WHAT TO WORK ON: Please count the lines of the data that contain "AndersOrt" and state only the total.

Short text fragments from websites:
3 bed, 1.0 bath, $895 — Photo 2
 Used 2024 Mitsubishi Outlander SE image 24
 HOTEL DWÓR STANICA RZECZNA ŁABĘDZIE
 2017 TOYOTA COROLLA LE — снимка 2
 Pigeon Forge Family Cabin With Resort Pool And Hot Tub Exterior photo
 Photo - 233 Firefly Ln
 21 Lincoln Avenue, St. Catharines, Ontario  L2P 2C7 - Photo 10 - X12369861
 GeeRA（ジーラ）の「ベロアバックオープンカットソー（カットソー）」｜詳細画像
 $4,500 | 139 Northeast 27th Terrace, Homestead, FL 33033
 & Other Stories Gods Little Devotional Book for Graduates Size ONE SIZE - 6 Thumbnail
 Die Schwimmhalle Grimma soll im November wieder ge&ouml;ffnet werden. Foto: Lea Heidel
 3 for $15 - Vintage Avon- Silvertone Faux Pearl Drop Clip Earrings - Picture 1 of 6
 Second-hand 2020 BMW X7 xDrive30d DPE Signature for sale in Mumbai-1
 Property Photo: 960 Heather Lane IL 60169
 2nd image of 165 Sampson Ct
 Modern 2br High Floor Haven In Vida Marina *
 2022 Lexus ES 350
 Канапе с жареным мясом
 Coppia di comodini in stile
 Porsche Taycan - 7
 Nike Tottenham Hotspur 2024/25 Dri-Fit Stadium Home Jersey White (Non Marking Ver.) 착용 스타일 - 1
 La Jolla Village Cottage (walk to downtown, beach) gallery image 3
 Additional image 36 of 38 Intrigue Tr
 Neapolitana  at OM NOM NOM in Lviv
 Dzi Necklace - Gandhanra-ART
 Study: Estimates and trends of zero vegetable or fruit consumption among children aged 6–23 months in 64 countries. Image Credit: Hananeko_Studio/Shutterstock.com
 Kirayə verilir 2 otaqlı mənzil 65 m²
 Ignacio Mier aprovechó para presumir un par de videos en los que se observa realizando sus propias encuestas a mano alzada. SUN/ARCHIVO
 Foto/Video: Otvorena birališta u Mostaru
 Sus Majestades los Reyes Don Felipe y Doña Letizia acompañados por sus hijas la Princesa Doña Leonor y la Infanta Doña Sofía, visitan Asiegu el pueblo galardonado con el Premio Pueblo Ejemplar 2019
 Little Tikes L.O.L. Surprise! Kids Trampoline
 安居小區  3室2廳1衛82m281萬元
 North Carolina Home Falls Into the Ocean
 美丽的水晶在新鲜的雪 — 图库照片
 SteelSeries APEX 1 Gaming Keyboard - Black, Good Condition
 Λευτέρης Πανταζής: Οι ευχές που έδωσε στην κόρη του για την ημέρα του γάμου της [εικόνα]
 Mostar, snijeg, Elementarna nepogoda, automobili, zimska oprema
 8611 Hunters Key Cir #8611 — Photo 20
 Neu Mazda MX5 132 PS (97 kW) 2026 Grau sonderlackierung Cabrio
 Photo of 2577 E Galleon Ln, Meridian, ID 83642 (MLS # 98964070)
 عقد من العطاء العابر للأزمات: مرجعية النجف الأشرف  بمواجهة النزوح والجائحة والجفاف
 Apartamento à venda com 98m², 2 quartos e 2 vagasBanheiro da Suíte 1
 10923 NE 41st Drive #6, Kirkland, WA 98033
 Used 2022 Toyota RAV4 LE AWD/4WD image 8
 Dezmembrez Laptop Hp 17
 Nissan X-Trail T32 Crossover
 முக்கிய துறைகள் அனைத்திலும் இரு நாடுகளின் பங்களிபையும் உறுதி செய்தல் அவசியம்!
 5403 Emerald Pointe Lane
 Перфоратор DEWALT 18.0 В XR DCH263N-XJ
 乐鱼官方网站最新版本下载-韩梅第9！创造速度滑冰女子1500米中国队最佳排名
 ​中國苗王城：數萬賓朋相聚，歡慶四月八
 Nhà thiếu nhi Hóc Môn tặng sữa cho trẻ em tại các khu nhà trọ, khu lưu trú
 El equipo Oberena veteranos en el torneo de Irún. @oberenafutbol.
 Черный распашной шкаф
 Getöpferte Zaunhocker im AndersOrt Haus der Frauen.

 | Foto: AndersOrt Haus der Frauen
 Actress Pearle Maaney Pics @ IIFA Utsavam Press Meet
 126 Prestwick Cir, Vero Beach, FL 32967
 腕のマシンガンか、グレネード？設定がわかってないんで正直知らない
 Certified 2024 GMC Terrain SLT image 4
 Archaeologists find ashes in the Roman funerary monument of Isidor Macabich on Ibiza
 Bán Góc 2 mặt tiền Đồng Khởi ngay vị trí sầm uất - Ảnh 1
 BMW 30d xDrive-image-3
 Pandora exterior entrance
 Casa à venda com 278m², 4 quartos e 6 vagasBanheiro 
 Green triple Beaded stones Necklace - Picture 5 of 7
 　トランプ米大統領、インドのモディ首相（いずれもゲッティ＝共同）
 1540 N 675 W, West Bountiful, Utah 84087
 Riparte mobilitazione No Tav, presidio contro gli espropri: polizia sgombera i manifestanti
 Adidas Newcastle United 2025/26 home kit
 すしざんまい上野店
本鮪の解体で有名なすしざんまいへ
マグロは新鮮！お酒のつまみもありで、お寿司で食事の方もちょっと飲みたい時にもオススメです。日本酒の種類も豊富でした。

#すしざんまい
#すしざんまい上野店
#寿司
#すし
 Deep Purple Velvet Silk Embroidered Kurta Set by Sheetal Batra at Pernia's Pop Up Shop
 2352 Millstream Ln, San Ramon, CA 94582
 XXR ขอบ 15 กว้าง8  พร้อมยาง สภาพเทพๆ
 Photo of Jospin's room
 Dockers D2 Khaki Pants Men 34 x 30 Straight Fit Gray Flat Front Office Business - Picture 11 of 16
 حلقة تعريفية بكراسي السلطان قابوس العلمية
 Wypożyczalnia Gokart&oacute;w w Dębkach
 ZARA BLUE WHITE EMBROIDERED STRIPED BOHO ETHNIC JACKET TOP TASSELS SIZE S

RESPONSE FOR THIS EXERCISE: 2